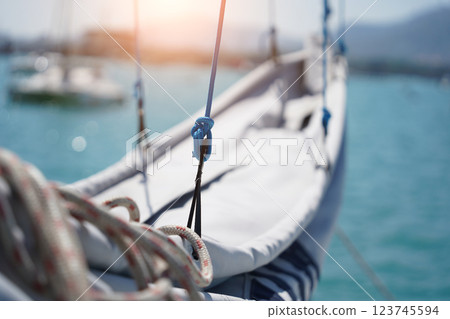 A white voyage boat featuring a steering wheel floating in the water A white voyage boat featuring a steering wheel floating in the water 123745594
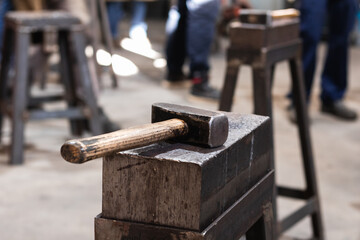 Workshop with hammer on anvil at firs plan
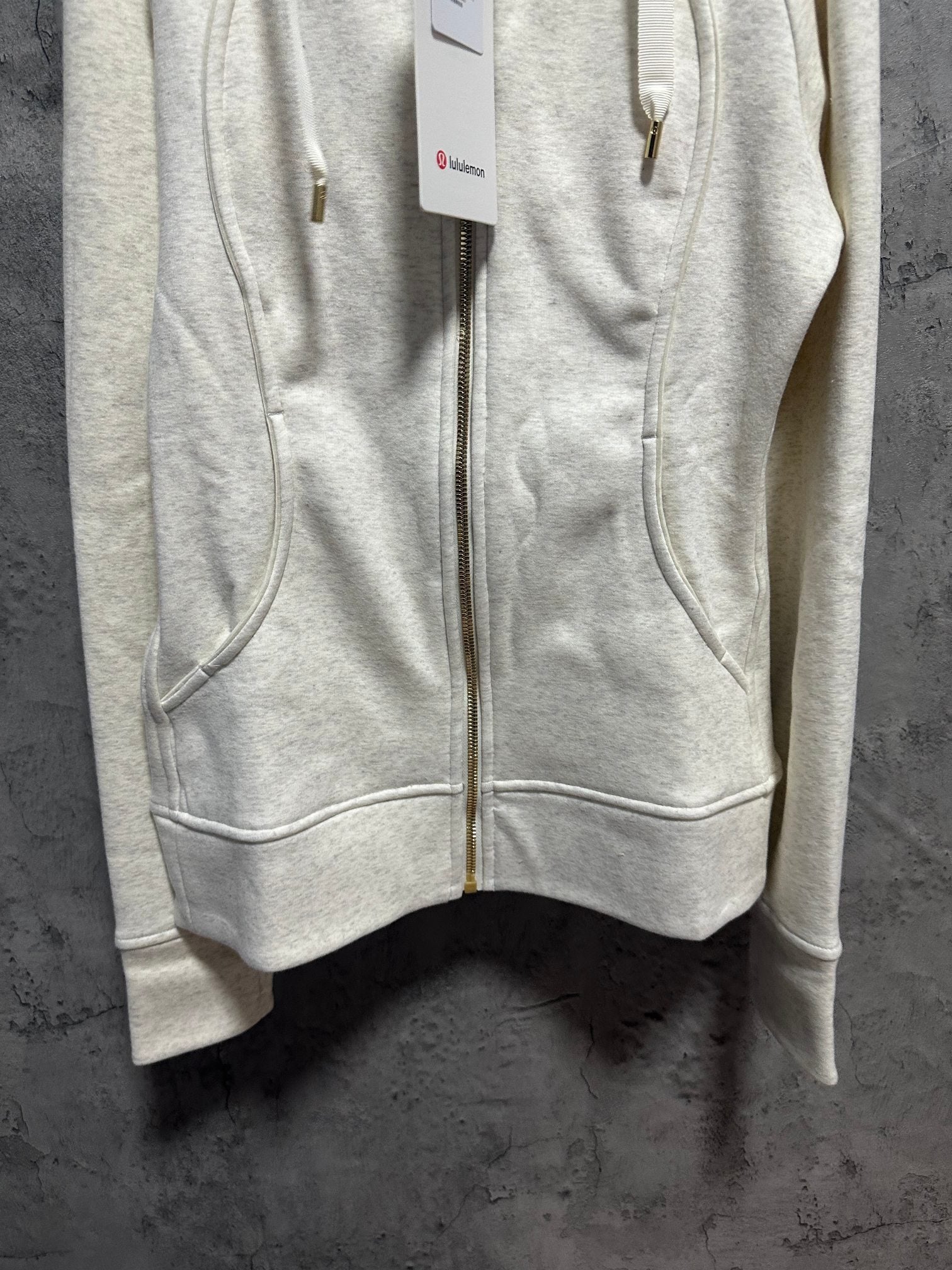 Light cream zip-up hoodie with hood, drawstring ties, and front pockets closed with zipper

Prompt. The lines running from the beginning of the listing above through the line that holds "Workshop with hammer on anvil at firs plan" are to be duplicated exactly, both ends kept, pictures omitted.

Expected output.
 A white voyage boat featuring a steering wheel floating in the water A white voyage boat featuring a steering wheel floating in the water 123745594
 Workshop with hammer on anvil at firs plan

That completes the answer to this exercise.